In his book The Story of Rotherhithe, Stephen Humphrey describes how the South Metropolitan Gas Company "was one of the most enlightened industrial employers in south London." Housing built for their employees included seven houses in Brunel Road in 1926, which were destroyed by bombs during the Second World War. Another housing development was erected in 1931 in Moodkee Street, which consisted of 30 flats in three buildings - Murdock House, Clegg House and Neptune House. Murdock and Clegg houses were named for the British innovators of gas mentioned above.
|South Metropolitan Gas Works, 1937, with a collier|
moored against the wharf
After the war the jetty was again expanded, this time extended to 200ft so that it could handle colliers that could each transport coal cargoes of up to 2500 tons. Four cranes were installed at the same time and these could shift up to 75 tons an hour each.
Gas supply was nationalized in 1948. The Rotherhithe gas works closed in 1959.

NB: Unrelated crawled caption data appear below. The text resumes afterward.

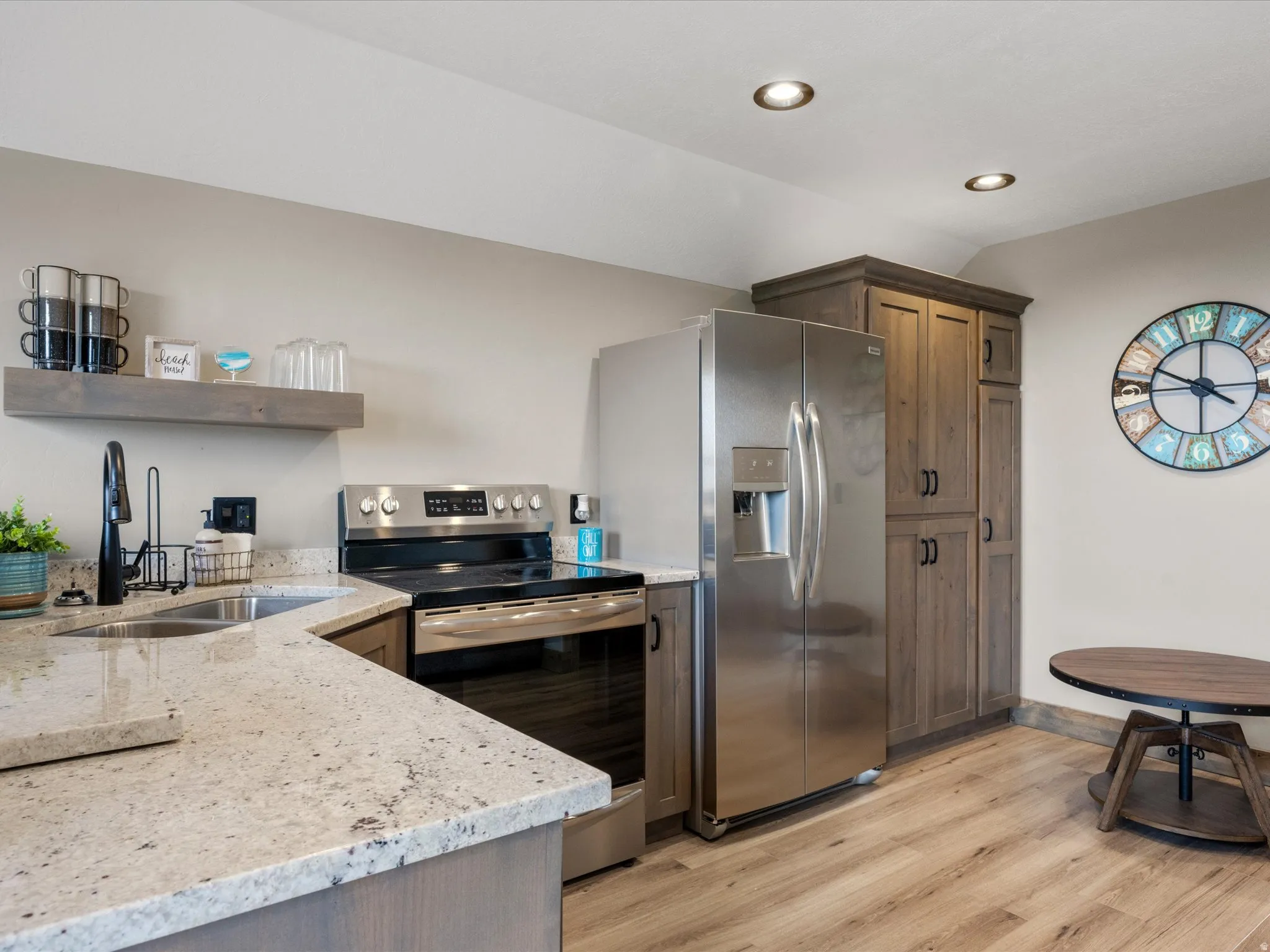 Kitchen with light stone countertops, stainless steel appliances, light wood finished floors, vaulted ceiling, and recessed lighting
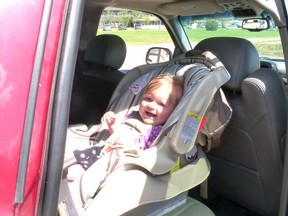 Lillian Richards happy in her newly inspected and adjusted car seat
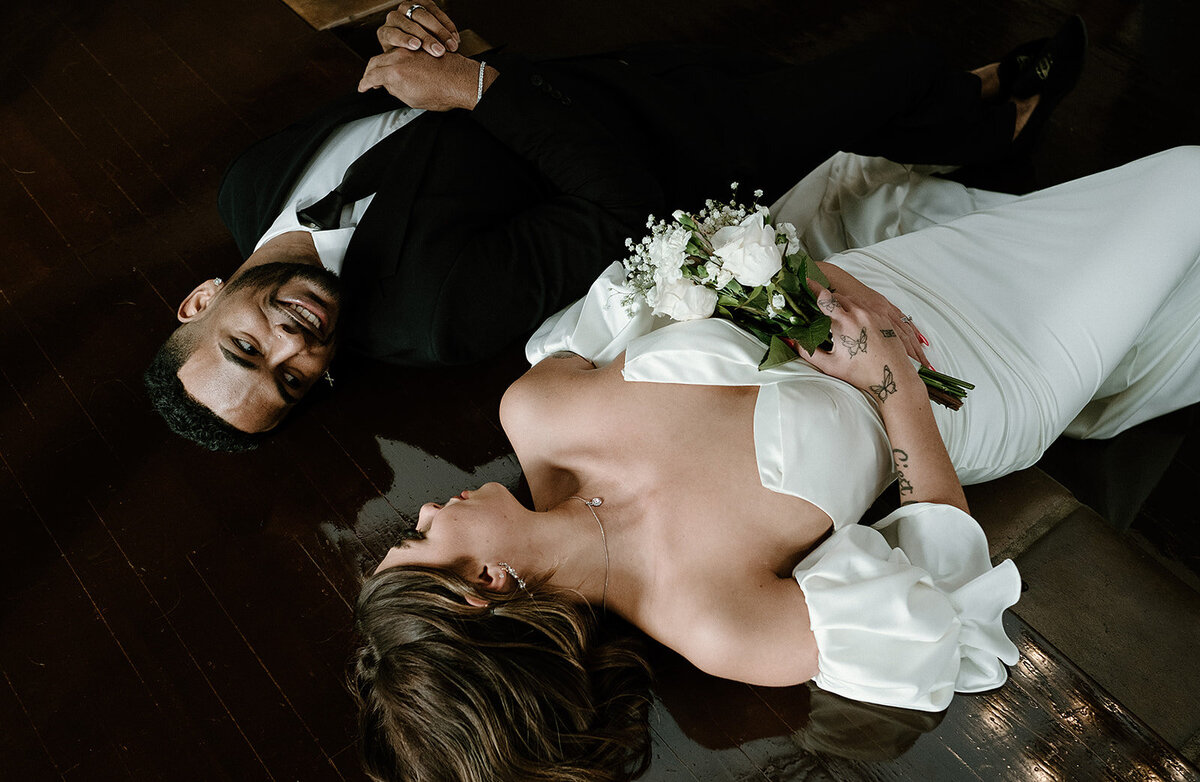 bride and groom lay together and smile at each other on the ceremony floor at Villa Parker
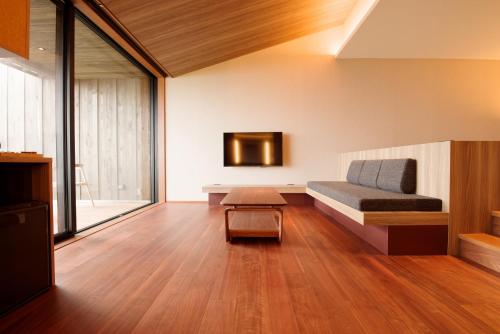 a room with a bed and a tv on the wall at 山人 Oga in Oga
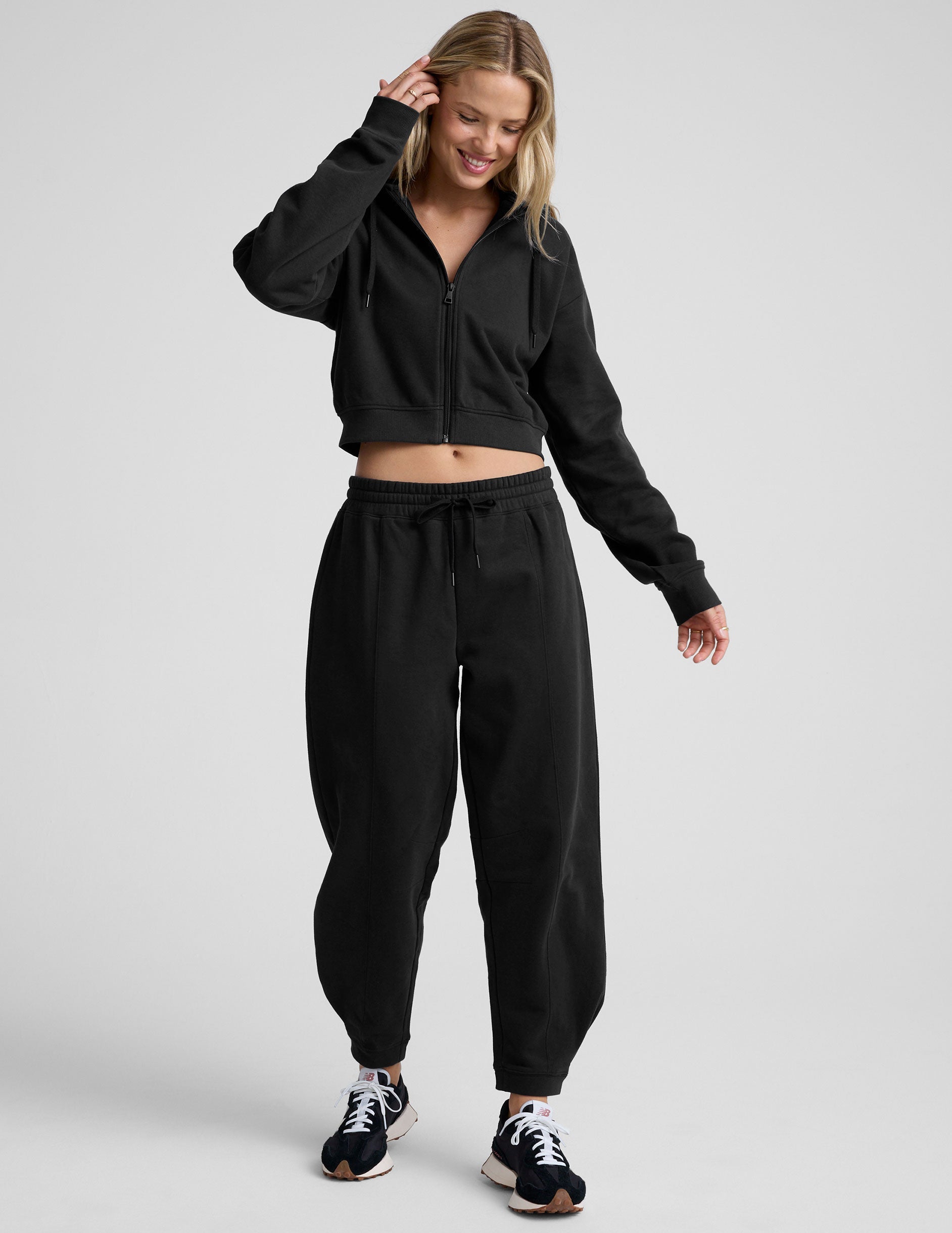 model is wearing black fleece barrel style sweatpants against a plain background.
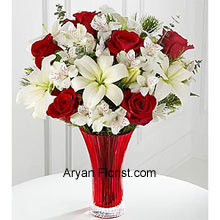 This bouquet is just like the reminder of the onset of the new holiday season for which we have eagerly awaited. The Red roses peep through the bunch of white Asiatic lilies and Peruvian lilies as if it is reminding the warmth that the snow brings with it. This is indeed a paradoxical bouquet of emotions and nature, placed in a red colored vase; telling that God is supreme! With a sense of gratitude and respect, buy this lovely bouquet. (Please Note That We Reserve the Right to Substitute any Product with a Suitable Product of Equal Value in Case of Non-Availability of a Certain Product)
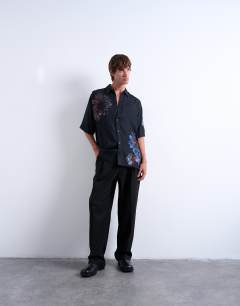Model wearing Relaxed fit short sleeve twill shirt with placement floral print in black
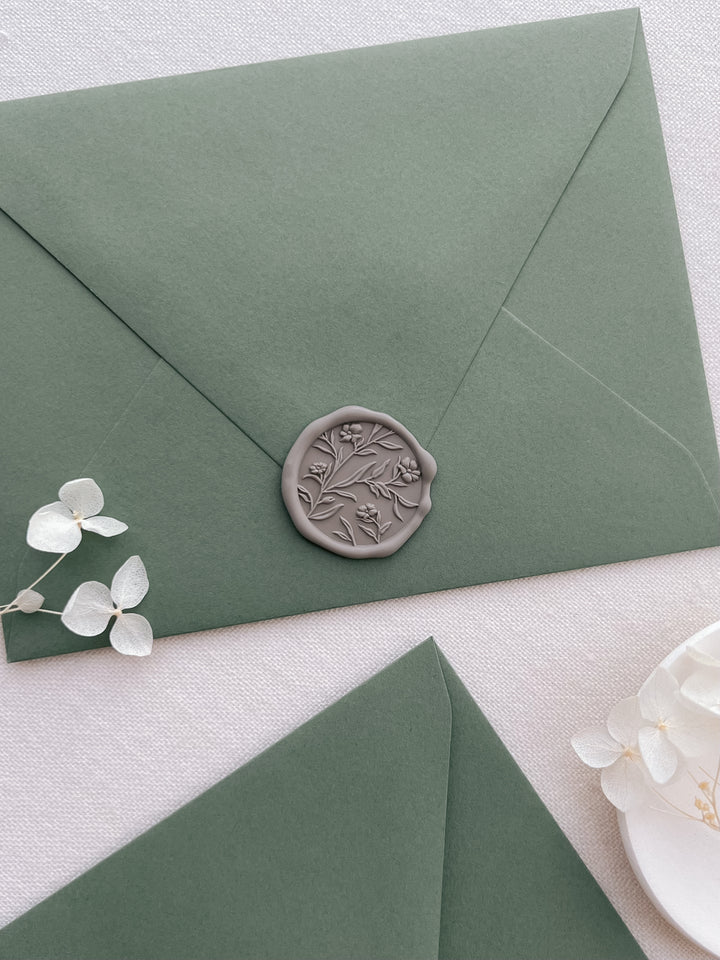 taupe colored 3D floral pattern wax seal on an olive green envelope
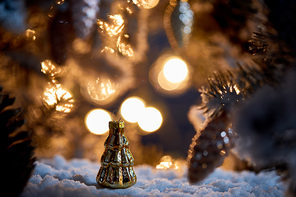 close up of christmas tree with decorative christmas balls on snow with lights bokeh at night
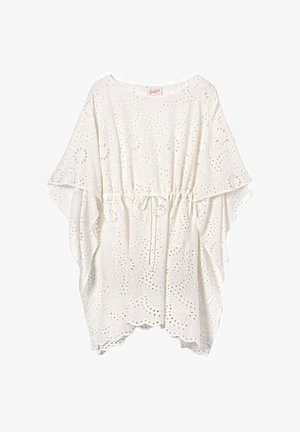 Blouse en dentelle œillet blanche avec taille à cordon, larges manches volantes et ourlet festonné pour un look aérien et féminin.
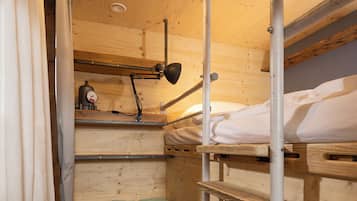 Interior de una cabaña de madera con literas, un escritorio, una silla y una lámpara de escritorio.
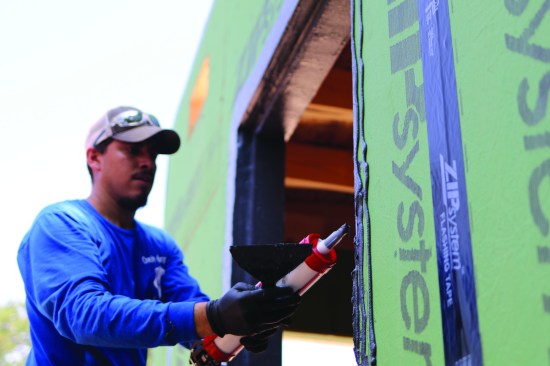 On a second recessed window, a carpenter demonstrates the use of Zip System Liquid Flash. For this product, Huber went with a trowel-grade, single-component material that has a viscosity somewhere between a joint filler and a brush formulation. Step one is to apply a thick bead of Liquid Flash in all the corners and seams, then apply multiple beads on the flat surfaces of the jambs and the step created for the recessed opening, and on the face of the sheathing.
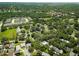 An aerial view of a residential community with mature trees and green spaces at 945 Hamilton Court, Palm Harbor, FL 34683 at 945 Hamilton Ct, Palm Harbor, FL 34683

Today, apart from the one remaining gas tower, used to support a cell transmitter, the entire site of the gasworks has been replaced by residential housing built by Bellway Homes in the late 1990s. The bridge between the jetty and the wharf was still in place, when it was in use for a different purpose, in the 1990s (I've not yet found out what the site was used for after the closure of the gasworks). The wharf, in the form of the grey jetty, is still in place, preserved as a condition of the housing development behind it thanks to local protests at its intended demolition. It is substantially smaller than it was. It was supposed to be made available for public use, as part of the Thames Path, but for reasons that no-one seems to know it remains closed, but is a favourite sunbathing spot for cormorants (or shags - I've never been able to tell the difference).
|The gas jetty today|
|A different view of the 1935 gasometer tower today. |
Photograph by Stephen Craven.
|Neptune House, built by the South Metropolitan Gas |
Company in 1931 for its employees.
Photograph by Chris Lordan.
I got a major insight when writing this post about a dig I was on when I was an archaeologist working in Chester in the 80s. I was working on a Roman site where the Crown Courts are now located, near the former gasworks, which were long defunct. We had excavated a badly subsided Roman road and were now digging through an earlier Roman drain beneath it, which took us very deep. As we dug down below 6ft, our regulation hard-hats firmly on our heads, we found ourselves paddling in tar. The state we were in! I've never seen so much gunge spread so far and wide. We couldn't dig any lower because as fast was we dug the tar oozed in from the vertical sections in which we were standing. Looking at the diagram above, it is quite clear where it was coming from!